Thanks for the responses guys.  I'm actually doing this for a student of mine and these are her photos.  The top one is an example of the sky.  I know this photo has some other issues such as the noise at the bottom, but we can fix that.  The sky is the most important thing to us to figure out right now.  The second photo is more the effect we're looking for.  The only workflow difference between the first and second photos is that the second photo was actually bracketed in the camera, whereas the first photo was one RAW photo that we bracketed in photoshop and then took into photomatix.  both were taken in similar light and you can see there's a pretty big difference.  could the way it was bracketed make THAT much of a difference or did we do something else different by mistake?

Again, thanks for any input.

bracketed in camera:






bracketed in PSCS4:


----------



## JayhawkCWE

btw, the saturation settings are similar as well... I figured after looking at my post that I should mention that...


----------



## ann

yes, the number exposures and how they are used can make a difference.

This comes up over and over again. taking one image and making it into 3 and then running it as an HDR image. It isn't . HDR is about contrast range and if one file contains all the information you can move it too tonemapping and get similar results, but it isn't true HDR.

As you have discovered there is a huge difference in the result using the same or rather very similar settings


----------



## JayhawkCWE

ann said:


> yes, the number exposures and how they are used can make a difference.
> 
> This comes up over and over again. taking one image and making it into 3 and then running it as an HDR image. It isn't . HDR is about contrast range and if one file contains all the information you can move it too tonemapping and get similar results, but it isn't true HDR.
> 
> As you have discovered there is a huge difference in the result using the same or rather very similar settings



I realize it's not true HDR but I also was under the impression that RAW photographs contain enough information to adjust the exposure and get good results.  I've had a lot of fantastic results working from one photograph, but as you can see, I've also had some less than fantastic results...


----------



## ann

yes a raw file does contain a huge amount of information but it isn't the same that separate exposures can provide. 

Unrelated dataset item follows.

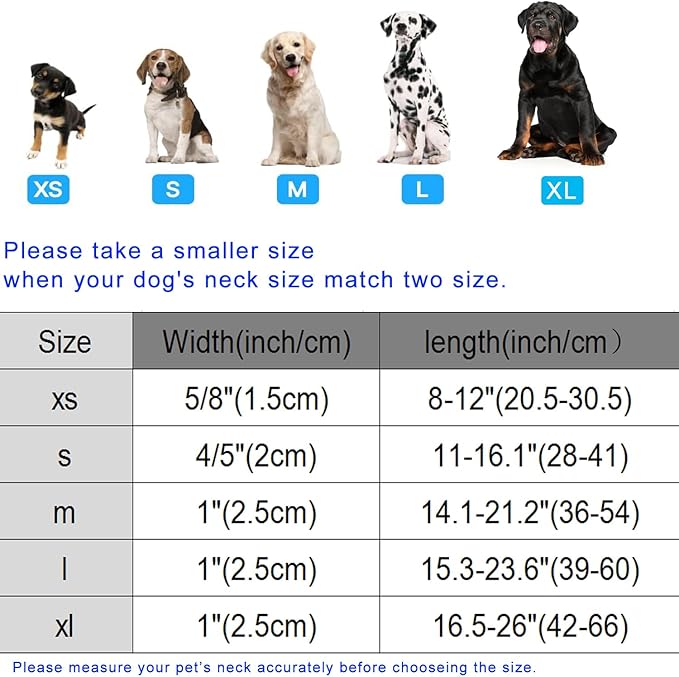 DOGWONG Blue Heart Dog Collar, Cute Valentine Collar, Valentine's Day Dog Collar with Strong Plastic Buckle for Small Medium Large Dogs,L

this is a techique that takes a lot of practice and work to control.


----------



## JayhawkCWE

ann said:


> yes a raw file does contain a huge amount of information but it isn't the same that separate exposures can provide.
> 
> this is a techique that takes a lot of practice and work to control.



thanks for the info, I hope you don't mind that I keep asking questions.  The only thing I'm not square with on true HDR is how to reconcile movement when you're exposure bracketing.  I don't know what FPS my camera works at when exposure bracketing, but I can't imagine more than 5 to 7, as I'm thinking it would be close to the rate at which burst mode fires.

Obviously, there is going to be movement between exposures.  Photomatix has an align function, but it doesn't fix everything.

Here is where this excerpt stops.